Caption-style text data:
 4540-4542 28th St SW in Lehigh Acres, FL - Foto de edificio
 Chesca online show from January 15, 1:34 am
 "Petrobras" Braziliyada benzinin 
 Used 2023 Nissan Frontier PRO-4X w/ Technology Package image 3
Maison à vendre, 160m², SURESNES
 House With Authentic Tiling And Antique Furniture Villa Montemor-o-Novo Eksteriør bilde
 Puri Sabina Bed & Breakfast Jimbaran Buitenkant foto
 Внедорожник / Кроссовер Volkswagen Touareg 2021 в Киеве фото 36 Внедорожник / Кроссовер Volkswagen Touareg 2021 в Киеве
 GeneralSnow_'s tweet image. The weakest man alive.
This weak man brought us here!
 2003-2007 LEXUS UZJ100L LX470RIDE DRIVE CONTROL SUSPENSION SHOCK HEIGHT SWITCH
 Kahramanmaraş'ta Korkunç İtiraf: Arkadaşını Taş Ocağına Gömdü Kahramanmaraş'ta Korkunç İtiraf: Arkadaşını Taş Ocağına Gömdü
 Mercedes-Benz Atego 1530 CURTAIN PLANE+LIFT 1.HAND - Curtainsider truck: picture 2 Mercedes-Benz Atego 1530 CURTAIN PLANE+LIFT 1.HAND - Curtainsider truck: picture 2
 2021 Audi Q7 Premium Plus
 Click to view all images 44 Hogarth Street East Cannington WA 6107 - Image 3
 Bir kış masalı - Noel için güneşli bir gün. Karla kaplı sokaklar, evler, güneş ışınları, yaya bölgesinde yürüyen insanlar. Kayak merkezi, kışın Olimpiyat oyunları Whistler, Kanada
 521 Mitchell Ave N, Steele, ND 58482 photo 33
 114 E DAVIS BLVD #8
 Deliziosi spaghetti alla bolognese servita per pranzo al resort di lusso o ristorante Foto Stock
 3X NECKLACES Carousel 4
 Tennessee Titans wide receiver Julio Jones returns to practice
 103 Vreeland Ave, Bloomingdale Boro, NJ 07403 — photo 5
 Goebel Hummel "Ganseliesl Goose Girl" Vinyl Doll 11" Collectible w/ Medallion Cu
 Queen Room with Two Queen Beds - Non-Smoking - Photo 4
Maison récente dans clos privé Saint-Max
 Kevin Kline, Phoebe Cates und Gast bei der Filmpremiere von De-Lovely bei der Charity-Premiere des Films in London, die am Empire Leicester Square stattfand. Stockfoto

*What the exercise asks*:
Each record above is to be printed again exactly as written.

*Answer to the exercise*:
 4540-4542 28th St SW in Lehigh Acres, FL - Foto de edificio
 Chesca online show from January 15, 1:34 am
 "Petrobras" Braziliyada benzinin 
 Used 2023 Nissan Frontier PRO-4X w/ Technology Package image 3
Maison à vendre, 160m², SURESNES
 House With Authentic Tiling And Antique Furniture Villa Montemor-o-Novo Eksteriør bilde
 Puri Sabina Bed & Breakfast Jimbaran Buitenkant foto
 Внедорожник / Кроссовер Volkswagen Touareg 2021 в Киеве фото 36 Внедорожник / Кроссовер Volkswagen Touareg 2021 в Киеве
 GeneralSnow_'s tweet image. The weakest man alive.
This weak man brought us here!
 2003-2007 LEXUS UZJ100L LX470RIDE DRIVE CONTROL SUSPENSION SHOCK HEIGHT SWITCH
 Kahramanmaraş'ta Korkunç İtiraf: Arkadaşını Taş Ocağına Gömdü Kahramanmaraş'ta Korkunç İtiraf: Arkadaşını Taş Ocağına Gömdü
 Mercedes-Benz Atego 1530 CURTAIN PLANE+LIFT 1.HAND - Curtainsider truck: picture 2 Mercedes-Benz Atego 1530 CURTAIN PLANE+LIFT 1.HAND - Curtainsider truck: picture 2
 2021 Audi Q7 Premium Plus
 Click to view all images 44 Hogarth Street East Cannington WA 6107 - Image 3
 Bir kış masalı - Noel için güneşli bir gün. Karla kaplı sokaklar, evler, güneş ışınları, yaya bölgesinde yürüyen insanlar. Kayak merkezi, kışın Olimpiyat oyunları Whistler, Kanada
 521 Mitchell Ave N, Steele, ND 58482 photo 33
 114 E DAVIS BLVD #8
 Deliziosi spaghetti alla bolognese servita per pranzo al resort di lusso o ristorante Foto Stock
 3X NECKLACES Carousel 4
 Tennessee Titans wide receiver Julio Jones returns to practice
 103 Vreeland Ave, Bloomingdale Boro, NJ 07403 — photo 5
 Goebel Hummel "Ganseliesl Goose Girl" Vinyl Doll 11" Collectible w/ Medallion Cu
 Queen Room with Two Queen Beds - Non-Smoking - Photo 4
Maison récente dans clos privé Saint-Max
 Kevin Kline, Phoebe Cates und Gast bei der Filmpremiere von De-Lovely bei der Charity-Premiere des Films in London, die am Empire Leicester Square stattfand. Stockfoto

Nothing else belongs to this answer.